11 Model building
11.1 Specify models
The process of specifying our models is always as follows:
- Pick a
model type
- set the
engine
- Set the
mode
: regression or classification
You can choose the model type
and engine
from this list.
11.1.1 Logistic regression
log_spec <- # your model specification
logistic_reg() %>% # model type
set_engine(engine = "glm") %>% # model engine
set_mode("classification") # model mode
# Show your model specification
log_spec
#> Logistic Regression Model Specification (classification)
#>
#> Computational engine: glm
11.1.2 Random forest
library(ranger)
rf_spec <-
rand_forest() %>%
set_engine("ranger", importance = "impurity") %>%
set_mode("classification")
When we set the engine, we add importance = "impurity"

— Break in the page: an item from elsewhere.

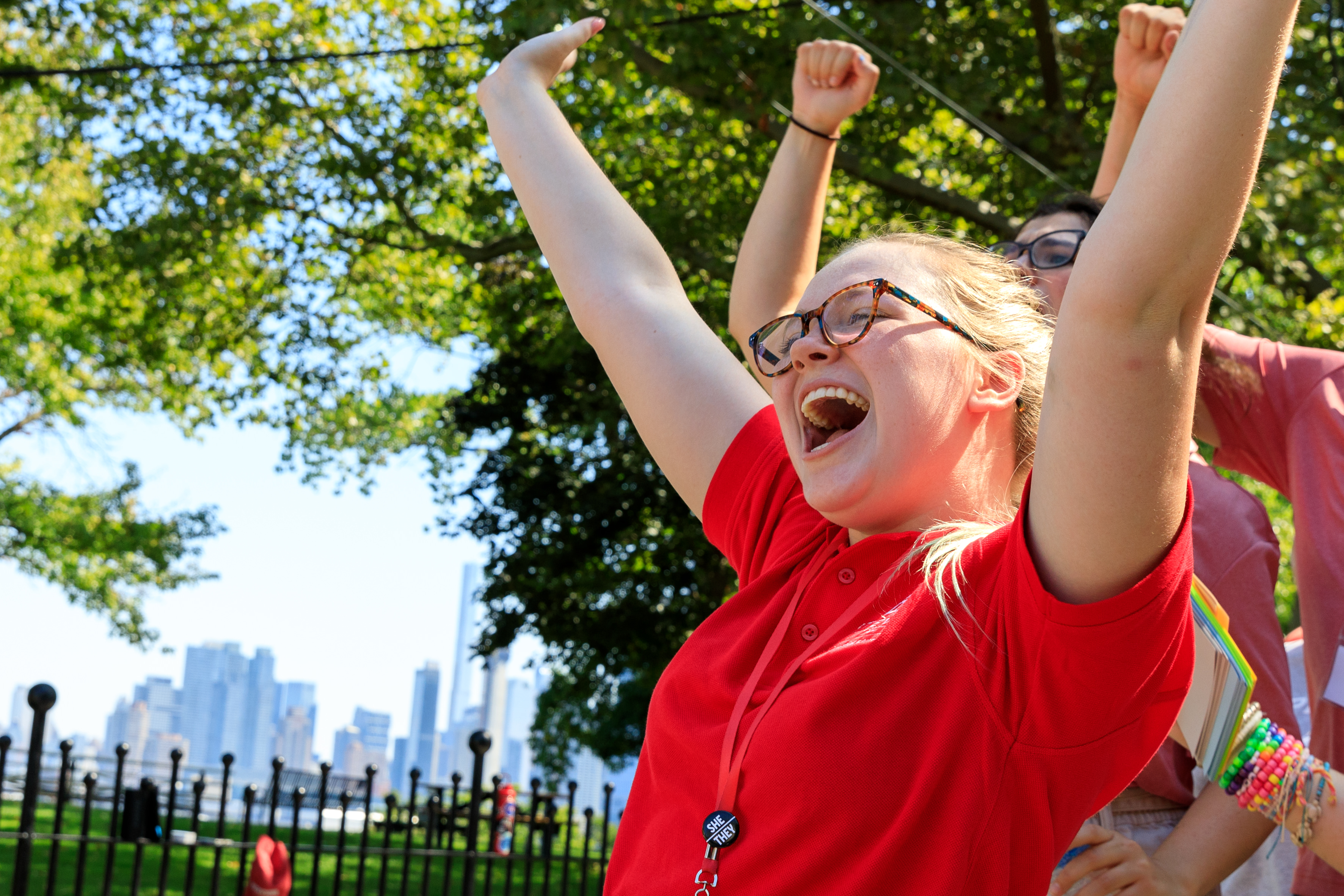 A female student in a red shirt throws her hands in the air, smiling.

. This will provide variable importance scores for this model, which gives some insight into which predictors drive model performance.
11.1.4 K-nearest neighbor
knn_spec <-
nearest_neighbor(neighbors = 4) %>% # we can adjust the number of neighbors
set_engine("kknn") %>%
set_mode("classification")
11.1.5 Neural network
To use the neural network model, you will need to install the following packages: keras
. You will also need the python keras library installed (see ?keras::install_keras()
).
library(keras)
nnet_spec <-
mlp() %>%
set_mode("classification") %>%
set_engine("keras", verbose = 0)
We set the engine-specific verbose
argument to prevent logging the results.
11.2 Create workflows
To combine the data preparation recipe with the model building, we use the package workflows. A workflow is an object that can bundle together your pre-processing recipe, modeling, and even post-processing requests (like calculating the RMSE).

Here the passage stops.